**** Data to use

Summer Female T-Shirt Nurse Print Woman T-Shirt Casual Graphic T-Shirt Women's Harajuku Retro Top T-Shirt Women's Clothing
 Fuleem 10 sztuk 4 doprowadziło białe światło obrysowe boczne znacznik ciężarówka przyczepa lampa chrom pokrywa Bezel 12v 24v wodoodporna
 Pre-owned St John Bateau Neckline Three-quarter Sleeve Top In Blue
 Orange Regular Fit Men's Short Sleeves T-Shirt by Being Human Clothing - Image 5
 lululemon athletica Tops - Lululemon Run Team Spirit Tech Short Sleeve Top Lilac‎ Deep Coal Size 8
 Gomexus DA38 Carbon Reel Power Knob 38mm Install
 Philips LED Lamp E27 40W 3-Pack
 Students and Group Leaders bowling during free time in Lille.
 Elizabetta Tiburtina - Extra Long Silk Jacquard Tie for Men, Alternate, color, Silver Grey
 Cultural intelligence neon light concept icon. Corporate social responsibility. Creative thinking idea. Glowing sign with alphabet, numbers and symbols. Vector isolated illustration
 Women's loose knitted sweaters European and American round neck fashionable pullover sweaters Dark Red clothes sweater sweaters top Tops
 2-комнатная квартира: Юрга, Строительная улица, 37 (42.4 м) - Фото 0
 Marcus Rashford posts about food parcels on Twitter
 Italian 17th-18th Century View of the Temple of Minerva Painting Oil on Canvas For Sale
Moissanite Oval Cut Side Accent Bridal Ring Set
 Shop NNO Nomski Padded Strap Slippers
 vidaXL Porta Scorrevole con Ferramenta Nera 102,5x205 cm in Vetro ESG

********

### Brief
Word for word, restate the listing above from its first line to the line with "Orange Regular Fit", keeping both.

### Response below
Summer Female T-Shirt Nurse Print Woman T-Shirt Casual Graphic T-Shirt Women's Harajuku Retro Top T-Shirt Women's Clothing
 Fuleem 10 sztuk 4 doprowadziło białe światło obrysowe boczne znacznik ciężarówka przyczepa lampa chrom pokrywa Bezel 12v 24v wodoodporna
 Pre-owned St John Bateau Neckline Three-quarter Sleeve Top In Blue
 Orange Regular Fit Men's Short Sleeves T-Shirt by Being Human Clothing - Image 5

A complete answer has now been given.